Attorney-at-Law

DAYENU

In Uncategorized on 12/30/2014 at 16:18

If the title of this post strikes the reader as obscure, let the reader first read Judge Buch’s order in Judith L. Heavens, Docket No. 29155-13, filed 12/30/14; if still befogged, let the reader search the term on Wikipedia (and make a pecuniary contribution to Mr. Jimmy Wales’ useful source). Now all should be clear.

For those who can’t wait, Judith filed a motion to dismiss for want of jurisdiction two weeks ago. She was a wee bit late, as her case had been called for trial three days before (which was the date set for trial in an order issued five months earlier). Judith hadn’t shown, and her petition was tossed for want of prosecution.

So for Judge Buch to consider Judith’s latest, he’d have to vacate his previous order. But this he declines to do.

I cannot do better than to quote Judge Buch’s rationale in extenso, while inviting readers to clap hands rhythmically or tap them on a diningroom table, if so inclined.
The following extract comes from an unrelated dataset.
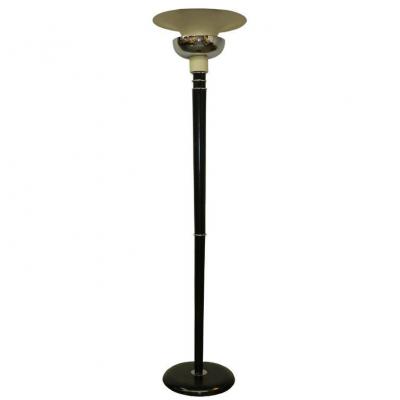 Floor Lamp Epoque Art-deco Wood Lacquer, Metal Lacquer And Chrome Metal 1930/1940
“We need not reach the merits of petitioner’s motion. Petitioner’s motion to dismiss is predicated on respondent’s alleged failure to respond to informal discovery. Petitioner never resorted to formal discovery, and had she, the proper motion would have been a motion to compel. See Rules 104(b). The motion being improper, standing alone, would be sufficient grounds upon which to deny the motion. If the motion had been styled properly, the failure to resort to formal discovery, standing alone, would have been sufficient grounds to deny that motion. If petitioner had engaged in formal discovery and filed the proper motion, the motion would have been untimely. Any such motion was due 45 days before the date set for trial. Rule 70(a)(2). The untimeliness of the motion, standing alone, would have been sufficient grounds upon which to deny the motion. If petitioner had engaged in formal discovery, filed the proper motion, and done so in a timely manner, the Court would likely reach the merits of that motion. In doing so, the Court would review the underlying discovery requests and note that it is largely, if not entirely, not the proper subject of discovery. It instead largely calls for legal conclusions and is infused with protestor rhetoric that we have rejected repeatedly. Many of the fallacies underlying the issues raised in the informal discovery were addressed in Waltner v. Commissioner, T.C. Memo 2014-35. If petitioner had engaged in formal discovery, filed the proper motion, and done so in a timely manner, the motion would have been denied on the merits.” Order, at pp. 1-2. (Footnote omitted, but see below).

The omitted footnote: “Petitioner’s motion and its annexed exhibit refer to informal discovery. The informal discovery might alternatively be characterized as stipulations or admissions. Regardless, petitioner never made a formal request for admissions and did not file any admissions with the Court. See Rule 90(b). Thus, whether couched as discovery, stipulations, or admissions, petitioner’s motion fails.” Order, at p. 2, Footnote 1.

For more about Steve Waltner, whose misdoings are hereinabove alluded to, see my blogpost “Cracking Up”, 2/27/14, wherein Judge Buch unloads on Steve the Protestor (protester? protestant?) for 63 pages of “somber reasoning and copious citation of precedent”.